15 – Considerados os requerimentos como um único recurso, foi o mesmo recebido nos termos legais [Não obstante, na mesma data, a embargante dar entrada a dois requerimentos de interposição de recurso, no pressuposto de que a circunstância de as questões terem sido tratadas em dois despachos distintos implicavam autonomização dos recursos, profere-se um despacho unitário e admitem-se os recursos interpostos, retificando-se que, por incidirem sobre despacho saneador que apreciou o mérito das exceções e sobre decisão que pôs termo à causa, o recurso é de apelação, com subida imediata nos próprios autos e efeito meramente devolutivo (art. 644, n.º 1, 645, n.º1, al. a) e 647, n.º 1, todos do Código de Processo Civil), porquanto não se verifica a previsão do art. 647, n.º 3, al. b) do Código de Processo Civil – não está em causa a propriedade do imóvel] e, nesta Relação, nada se alterou ao sentido desse mesmo despacho de recebimento.

16 – Os autos correram Vistos e nada observamos que obste ao conhecimento do mérito da apelação.

17 – O objeto do recurso, tendo em conta as conclusões apresentadas pela apelante, traduz-se em saber se a decisão deve ser revogada, porquanto a) o crédito da exequente se encontra prescrito e b) a embargante tem direito a ser compensada pelas benfeitorias feitas no imóvel, gozando de direito de retenção até integral pagamento das mesmas.
III – Fundamentação
III.I – Fundamentação de facto
18 – Os factos resultantes do relatório mostram-se bastantes à apreciação do recurso e, por isso, sem embargo de virmos a repetir alguns deles, pertinentes à aplicação do Direito, remetemos para esse mesmo relatório.
III.II – Fundamentação de Direito
Da prescrição
19 – Em abono do seu entendimento, segundo o qual po qual se aplica ao mútuo bancário o prazo prescricional previsto no artigo 310, alínea e) do Código Civil (CC), a recorrente veio citar nas suas alegações, além de outros, o recente acórdão desta Relação do Porto, proferido a 9.12.2020.

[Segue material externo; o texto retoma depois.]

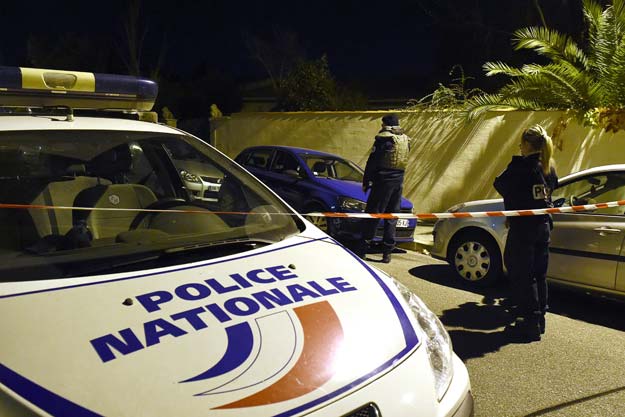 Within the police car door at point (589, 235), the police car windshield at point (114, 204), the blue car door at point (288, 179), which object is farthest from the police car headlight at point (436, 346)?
the blue car door at point (288, 179)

20 – A recorrente transcreve o sumário do aludido acórdão, que aqui se renova: “I - É aplicável ao mútuo bancário, reembolsável em prestações pagáveis com juros o prazo prescricional previsto no artigo 310, al. e) do Código Civil e, mesmo que haja vencimento integral e antecipado de todas as prestações, o contrato continua a ter a mesma natureza e a dívida aquele prazo prescricional. II - O artigo 781 do Código Civil consagra uma exigibilidade antecipada, mas não um vencimento automático da obrigação. III - E o mesmo sentido tem uma cláusula contratual que permita ao credor exercer o direito de exigir a totalidade da dívida, mas não imponha o seu vencimento antecipado automático. IV - O disposto no artigo 323, n.º 2 do CC tem aplicação às execuções em que a penhora precede a citação do executado”.

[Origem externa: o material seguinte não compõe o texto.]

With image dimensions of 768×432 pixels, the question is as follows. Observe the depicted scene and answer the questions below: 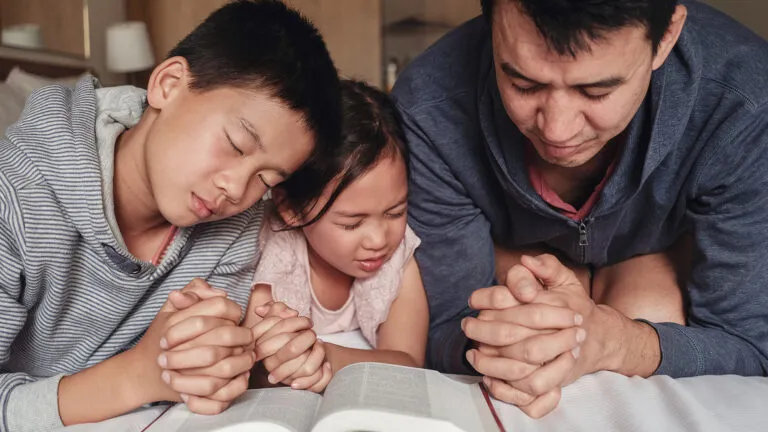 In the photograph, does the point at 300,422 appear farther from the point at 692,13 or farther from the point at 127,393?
the point at 692,13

21 – A embargante, na aludida transcrição, sublinha o ponto I do sumário, na parte em que se escreveu “mesmo que haja vencimento integral e antecipado de todas as prestações, o contrato continua a ter a mesma natureza e a dívida aquele prazo prescricional”, não deixando, assim, de realçar o entendimento segundo o qual aquele prazo, de cinco anos, é aplicável ao mútuo bancário, mesmo quando haja vencimento antecipado da totalidade das prestações.

22 – A embargante, no entanto, pouco atendeu ao que se mostra sumariado nos pontos II e III, que claramente distingue entre o direito do credor de exigir antecipadamente a totalidade da dívida e o vencimento automático da obrigação.

23 - Ora, como se verá, trata-se de uma distinção relevante e com reflexos no caso que foi objeto do acórdão proferido a 9.12.2020, mas também no presente caso, e se o vincamos é, desde logo, porque logo, esse acórdão foi proferido por este mesmo coletivo, ao qual cabe apreciar o presente recurso.

24 – No fundo, e sintetizando, nem o artigo 781 do CC consagra um vencimento automático da obrigação, nem qualquer cláusula contratual que permita ao credor – em razão do incumprimento repetido ou de qualquer outra causa que, nomeadamente, diminua a garantia do crédito – o consagra, quando apenas estipula o direito de exigir a totalidade da dívida.

25 – Note-se que a primeira exequente, como resulta dos autos e, aliás, a embargante transcreve no seu recurso, veio alegar no seu requerimento executivo, que «A executada, pese embora as interpelações efetuadas pela exequente para a regularização do atraso em divida, não pagou, na data dos seus vencimentos, as prestações mensais para o reembolso dos capitais e juros, estando em dívida as prestações vencidas desde 29.06.2008 e 29.02.2008, respetivamente, e imóvel que os garante foi penhorado em execução fiscal, o que confere à exequente o direito de considerar antecipadamente vencidos os empréstimos e exigir o imediato pagamento das dívidas respetivas» (sublinhados nossos).

26 – Houve – no reconhecimento feito pela exequente – a interpelação para regularização da dívida e, atento o incumprimento e a penhora do imóvel em execução fiscal, a exequente considera-se com o direito de considerar antecipadamente vencido o empréstimo.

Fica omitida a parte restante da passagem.